Con el Big Bang no se agotan las preguntas. Por ejemplo: ¿Por qué se produjo el Big Bang que dio lugar a nuestro mundo? ¿Qué había cuando aún no había antes y después, aquí o allá, espacio y tiempo? Son preguntas apasionantes, pero no busques en “Dios” la respuesta a ésas ni a ninguna otra pregunta. Un “Dios” que sirviera para responder a alguna pregunta será siempre creación nuestra, como las esculturas de Nippur. En cuanto nombrado y representado, “Dios”, todo “dios” es un “dios” creado por los seres humanos: por su ADN y sus neuronas, su pensamiento y su imaginación, sus miedos y deseos, por lo mejor y lo peor de este pobre y admirable ser humano que somos. Todo “dios” dicho e imaginado, el “dios” de todos los “textos sagrados”, de todos los dogmas, de todas las liturgias, es una criatura humana, al igual que la danza o la música, la pintura o el poema. Solo valen si inspiran. Solo valen si nos arrebatan al más allá sin más allá, a lo Indecible en la palabra, a lo inimaginable en la imagen.
No busques en Dios ninguna respuesta a ningún cómo y por qué. Mira el mundo. Escucha el eco del Big Bang en las galaxias y en los bosones. Escucha ese pájaro. Mira cómo crecen el trigo y el pan. Mira esa pareja, la ternura creciendo en sus ojos y en sus manos. El mundo existe. La Vida existe. La belleza y la Ternura existen.

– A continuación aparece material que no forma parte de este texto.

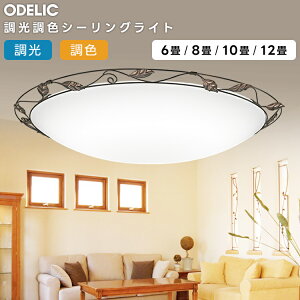 ODELIC �I�[�f���b�N(OX) LED�������F�V�[�����O���C�g�`12�� OL251455R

He ahí Dios, el Aliento increado creándose sin cesar en todo, también en nosotros, para que la bondad sea más fuerte.
Cuando alguien se abre como un niño a todas las grandes preguntas y no pretende poseer ninguna respuesta, pero guarda su alma en paz y en paz se dedica a aliviar el dolor de su prójimo y a curar las heridas del mundo, entonces hace presente y visible a Dios en el mundo. No el “dios” de nuestras imágenes y palabras, sino el Misterio que es en todo, más allá de toda filosofía y de toda religión. El Misterio creador, restaurador, consolador en el que vivimos, nos movemos y somos. Y que hacemos ser. Pues el respiro solo existe cuando los seres respiran.